Liberada la música de la dependencia estricta de las imágenes, los arreglos permiten que asistamos a pequeñas piezas musicales que adquieren valor por sí mismas.

El proyecto de la Film Symphony Orchestra tiene su origen en su director y se adapta a la personalidad de éste. Así, el maestro transmite la pasión en una dirección que va más allá de la batuta, pues es prácticamente todo el cuerpo con el que dirige la orquesta desde el atril. Una pasión, el amor por la música de cine y su interpretación, que se materializa en cada una de las presentaciones de los temas.
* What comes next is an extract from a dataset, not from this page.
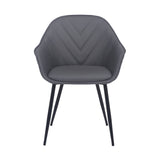 Clover Grey Faux Leather Dining Room Chair with Black Metal Legs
Esta introducción que Constantino Martínez-Orts realiza de cada pieza tiene un valor pedagógico que ayuda a la comprensión del tema, asociando el contenido del relato fílmico a la música y a los instrumentos. Con un lenguaje accesible, conciso y entretenido se transmite el significado y el valor de la partitura. Oyendo en los bises el tema de Mambo de West Side Story, una composición de Leonard Bernstein, me acordé del valor pedagógico que el propio Bernstein desarrolló durante años en la televisión americana para acercar la música clásica al gran público.

Esa difusión de la música de cine en las salas de conciertos es un valor también importante que está llevando a cabo la Film Symphony Orchestra —y parece que con éxito— a través de sus extensas giras. Puede parecer excesivo el protagonismo del juego de luces, los focos, el efecto del humo o el photocall —al que se acerca el propio director tras el concierto— con los personajes galácticos y los superhéroes,  pero todo contribuye a facilitar la comprensión de un lenguaje musical asociado al cine y que adquiere su libertad con la interpretación en directo.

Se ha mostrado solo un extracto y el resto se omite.